Speaker 2:My name is George, and, lack of ex exploration sucks about reinforcement learning. Love it.
Speaker 11:I'm Brian, and what sucks is that, reinforcement learning is mostly used, in LLMs right now.
Speaker 2:Yeah. I love it. Okay. Get rid of those LLMs.
Speaker 17:Yeah.
Speaker 1:Get rid of those.
Speaker 2:Let's get back to Atari, people. Yeah. The only thing that actually matters. And, robotics. And robotics.
Speaker 2:Okay. Thank you. Thank you.
Speaker 1:You cannot reset your life.
Speaker 2:Oh, good one. I mean, unless you believe in reincarnation, I guess. Wow.
Speaker 1:In marriage, you will do, actually.
Speaker 11:You'll get
Speaker 14:to transfer the parameters over after yourself. Yeah. My take is, it's too hyperparameter sensitive and that's why not more people are using it.
Speaker 2:Brutal. Yeah.
Speaker 5:My name is Sam And, I think a lot of people wanna use reinforcement learning in the real world, but but good simulators are hard to find.
Speaker 2:Oh, good one. Good one. You do you have a take?
Speaker 15:I guess so. K. So I'm Will, and what sucks about RL is that if you really care about a problem solving with RL, if you care that much, you could just handcraft a solution on your own in the amount of time it would take to set everything up and get RL to learn it. Brutal. Annoying.
Speaker 15:Okay. Brutal.
Speaker 14:Well, we're generalists. Well, we're generalists. No.
Speaker 15:I care about the generalists. But the reality is right now, when you wanna solve a real problem
Speaker 19:You just
Speaker 15:it's really hard to find that that special case.
Speaker 2:Yeah. You
Speaker 1:can see AlphaGo would have been solved without Alice.
Speaker 15:No. No. But think about how much time went into developing AlphaGo. Improving the methods to make it work. That's multiple years.
Speaker 10:But still, what do you
Speaker 1:think you would have gone for now?
Speaker 5:Might be an exception because it's such a specialized high search benefit problem, but many other situations fit fit what you said.
Speaker 15:I mean, AlphaGo is an is an kind of an annoying aspect of where RL is right now.
Speaker 2:Now that they've solved AlphaGo, Go, they just take the trained AlphaGo Ball c, put it on any robot, and it's it's magic. Isn't that how it works?
Speaker 15:The general method actually works surprisingly broadly, but even that required more research to generalize it past, like, known rules of of Go.
Speaker 14:Algorithm you want, and that'll be it. Maybe that's it.
Speaker 15:I'm a person a believer in RL generality, and I I I'm here for it. Yeah. Yeah. A 100%.
Speaker 5:Yes.
Speaker 15:It's just like if I'm trying to sell RL Yeah. To someone who cares about a real problem, there's a specific niche in which that sale is is doable Yeah. Right now. Yeah. Hopefully, it'll expand.

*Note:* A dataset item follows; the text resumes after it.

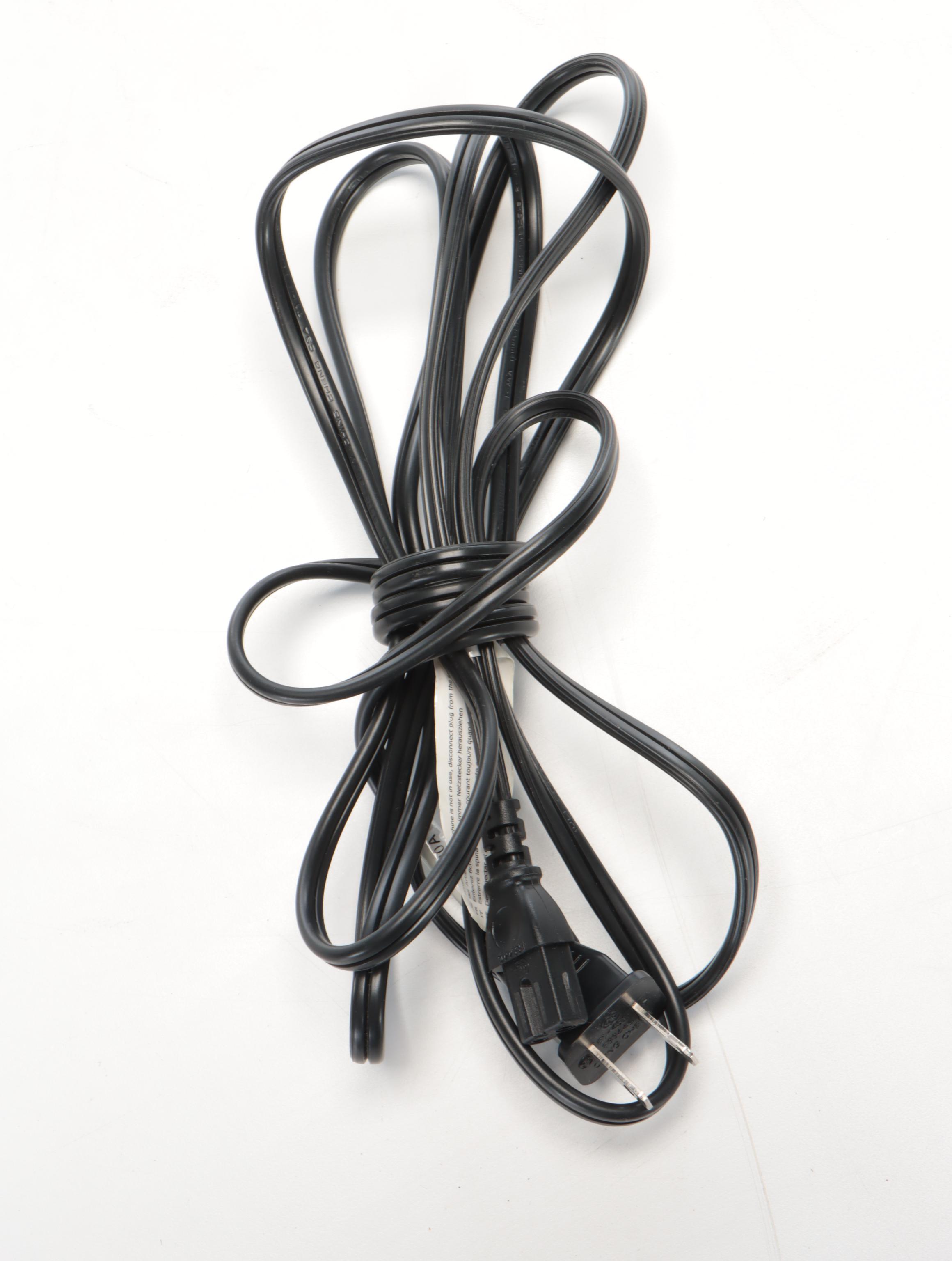 Bernina Programmable Electric Sewing Machine With Accessories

Speaker 14:Well, I think it will. I think it will. I think, like, the big gain in RL is actually in industrial processes. And those people just, like, kinda they're scared. Right?
Speaker 14:They're, like, oh, this is scary. Like, we're we there's a lot of money running, like, invested in this. But I think that's where the biggest gains are made. And if you can make just, like, a small margin of gain in those really important things like oil processing. Right?

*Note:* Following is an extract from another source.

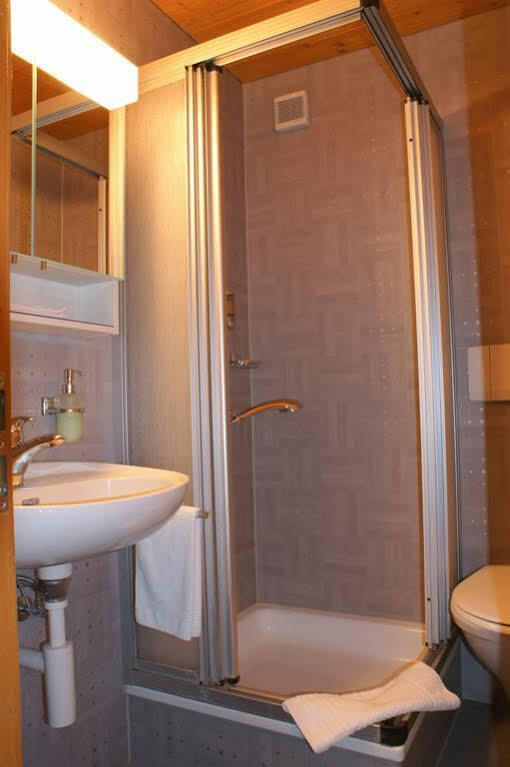 Hotel Sonne - Self Check-In Schwarzenburg Eksteriør bilde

Speaker 14:It'll be huge. Right?
Speaker 2:So
Speaker 15:I I heard some good things out of Edmonton from this, actually.
Speaker 14:Yes. Yes. Yes. Specifically, maybe some water treatment Yeah.
Speaker 2:Google or something like
Speaker 14:that. Yeah. Yeah.
Speaker 21:My name is Harshad Fikji. I think optimizing for optimality all the time in RL is a really bad thing. We should be good at a lot of things, and it's fine to be completely suboptimal at all of them. I don't know what's the right target. But but, yeah.
Speaker 21:I just should be capable of a lot of things. Yeah.
Speaker 2:Love it. Thanks. It's just too slow. It's just way too slow. Like, too slow to train?
Speaker 1:Low sample efficiency. You need a lot of samples to get any reasonable policy early.
Speaker 2:Brutal. Can't argue with that.
Speaker 14:I mean My name is Pablo, And what sucks about RL is the h f suffix. Oh, all the
Speaker 2:h f. No more h f.
Speaker 14:I'm sort of sort of joking.
Speaker 2:You have. Okay. So I do talk our own podcast, so I make an episode on what sucks about RL.